A group of lawyers is taking the Government to court to stop plans to impose fixed fees on legal aid work, which come into effect on Monday.

The Criminal Bar Association (CBA) says the legal aid shake-up will have a "catastrophic" impact on independent lawyers because they will not be paid for the hours needed to defend a client in a complex case.

Papers were filed in the High Court at Auckland today seeking a judicial review of the fixed fees regime and to stop it coming into force on Monday.

The fixed fees programme comes three years after the Bazley Report found systemwide failings in legal aid and called for urgent action to rebuild trust in the system.


The changes will see lawyers paid a fixed fee for legal aid work, depending on how serious the charges are. Currently lawyers are paid fees based on an hourly rate.

The Criminal Bar's submission, penned by 33 lawyers including eight QCs, said lawyers would be unable to properly represent their clients under the new fixed fees system.

Association spokesman Matt Goodwin is a criminal lawyer in Auckland.

He said the fixed fees regime would undermine access to justice for all citizens and would result in a two-tier system of justice: "One for those who can afford to pay and one for those who cannot".

Mr Goodwin said many people on legal aid had mental health and addiction problems, low levels of education, or had other issues that complicated their representation.

"Their problems will be exacerbated by the loss of experienced lawyers from the legal aid scheme and by those left being unable to do the work in the time allocated.

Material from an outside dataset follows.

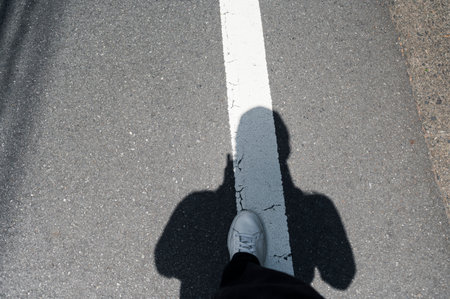 Shadow of person standing over white road lineの写真素材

"There will be an increase in the unrepresented and insufficiently represented. It is likely that rather than saving money, the costs will merely be shifted to other areas of the justice sector, including the Courts and Corrections."

He said changes would also result in a "mass exodus" of young lawyers heading overseas.

"Essentially, it is going to cut off the oxygen to the independent bar because it is not going to be seen as having a future by those coming out of law school."

The Government's move is the latest in a string of changes enacted following Dame Margaret Bazley's 2009 report into legal aid.

She alleged that the justice system had been undermined by more than 200 corrupt lawyers who were rorting the taxpayer-funded system.

The distinguished public servant also accused lawyers of taking backhanders, charging illegal "top-up" fees and grouping together to defraud the legal aid system.

Although Dame Margaret said the allegations could not be substantiated, she said she had been told up to 80 per cent of lawyers at Manukau District Court were "gaming" the legal aid system.

Mr Goodwin said that since Dame Margaret's investigation there had been only four lawyers removed from criminal legal aid.

"Rather than eliminate the small number of 'car boot' lawyers identified by the Bazley Report, fixed fees encourages them to become the norm.

He said Dame Margaret recommended that lawyers operate under a business structure, younger lawyers be mentored and that lawyers deliver a high quality service to their clients and the courts.

"Ironically, the recommendations in the Bazley report are largely going to be defeated by the implementation of this system."

The hearing is to be held on Thursday.